The Baby Eye of Sauron
Katherine Willoughby lives is Richmond, Virginia and teaches Junior Kindergarten at the same school where she discovered her love of reading. When she is not in the classroom, Katherine enjoys building wooden train layouts with her three-year-old son, playing board games while drinking IPAs with her husband, and taking part in pub trivia. Read Across America Day is her favorite holiday!
My husband and I are both teachers, though we teach on opposite ends of the spectrum. I teach four-year-olds in my Junior Kindergarten classroom and he teaches sophomores in his English, Communication, and Theater classes. One thing we have in common, other than that none of our students remember to write their name on assignments, is we get to revel in snow days together, along with James, our small son.
In January, we were out on a Wednesday, Thursday, and Friday. Paired with the weekend, this meant five days cooped up at home at a time when it actually did snow, ice, and freeze quite a bit. We were stuck inside with a toddler who spent more time suiting up to play in the snow than actually playing in it. After reading every Thomas the Tank Engine Little Golden Book published, playing Candyland, watching the entire Cars movie franchise, and having Play-Doh gouged into the rug, we decided to introduce our child to The Lord of the Rings.
We began with the film The Fellowship of the Ring and, over the course of the five days, traveled with Frodo and the rest of the Fellowship through Middle Earth and to the Crack of Doom in Mordor. My son amazingly watched every minute of it.
After we finished the movies, I pulled out a book I purchased years ago from one of the discount racks at the front of a Barnes and Noble entitled Tolkien’s World: A Guide to the People and Places of Middle Earth by Gareth Hanrahan. It is a lavishly illustrated 80-page tome about the different races, weapons, and locations in The Hobbit and The Lord of the Rings. I assumed that James and I would look at some of the pictures together or maybe read the parts about orcs, goblins, and wargs. Instead, he wanted to start at the beginning and read about all things LOTR. He can now tell you the names of Bilbo’s parents (Belladonna and Bungo), where to find Mithril (in the Mines of Moria) and laughs every time I read that Gandalf was given one of the three rings of the elves (But, Mama, Gandalf is not an elf. He is a wizard!). He even spent one Saturday morning pretending to be the “Baby Eye of Sauron.” While I tried to talk him into being a baby hobbit or dwarf instead, I was impressed that he said that, since he was the Baby Eye of Sauron, we would not need matches any more to light our candles and fireplace. He would just do it with his evil, flaming eyeball.

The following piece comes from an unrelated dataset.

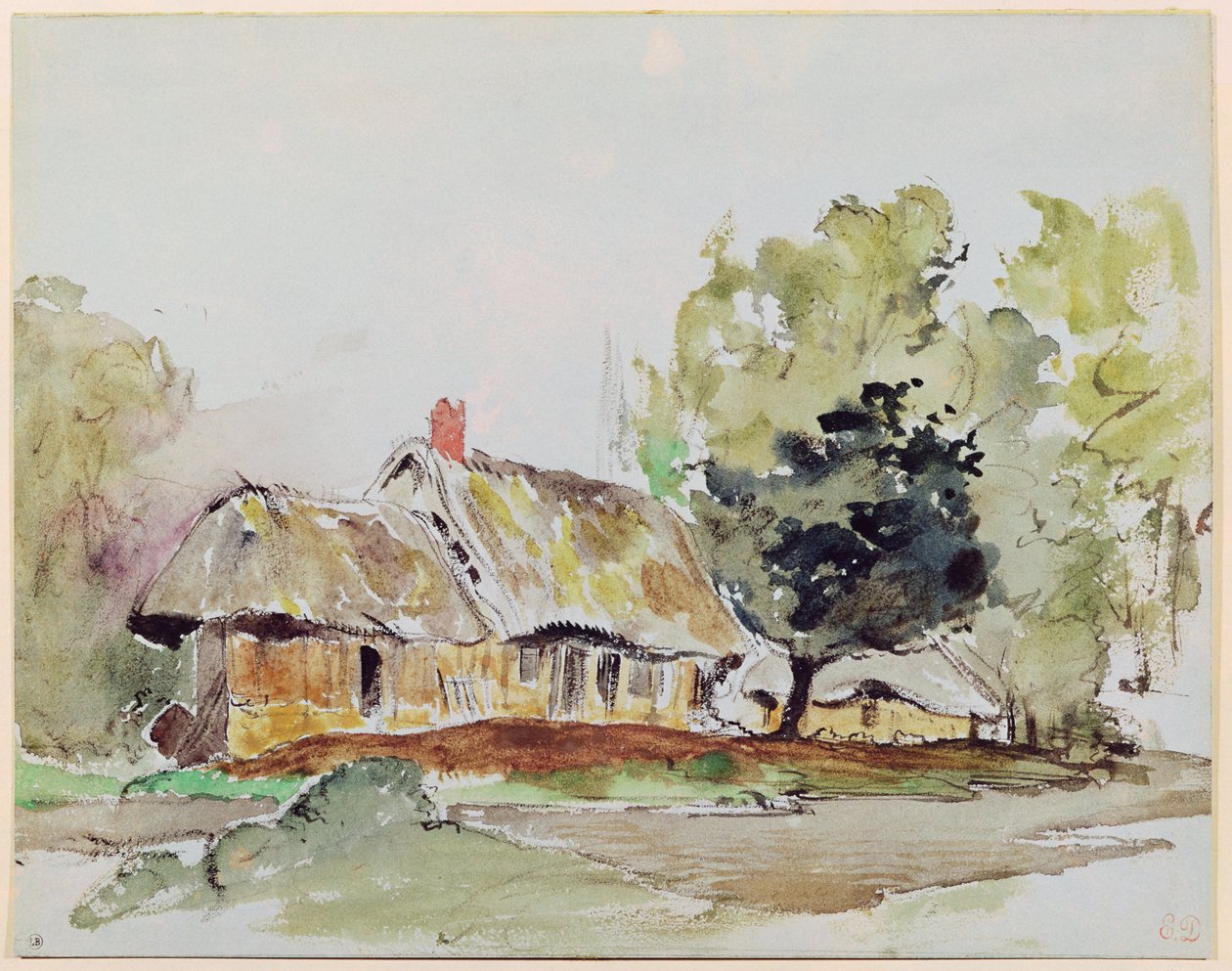 Hütte unter großen Bäumen im Sommer, um 1831 von Ferdinand Victor Eugene Delacroix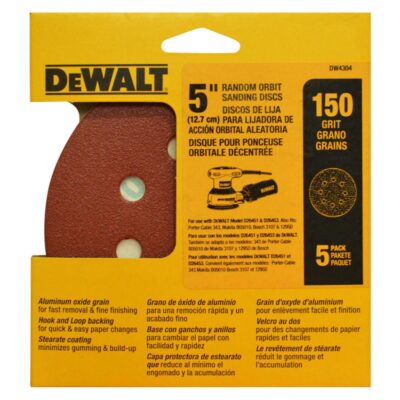 DISCO VELCRO DEWALT X5 – 5” ROJO GRANO 150 (DW4304)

We have now read various parts of this book each night for the past month or so. While some children memorize The Very Hungry Caterpillar and others repeat Llama Llama Red Pajama, I find it refreshing that my son and I geek out nightly on J.R.R. Tolkien. When he is older, I plan on reading the full novels together, visiting the Eagle and Child Pub with him in Oxford, and challenging him to a game of Lord of the Rings Trivial Pursuit—I hope that his passion for Tolkien still burns as brightly as the Baby Eye of Sauron.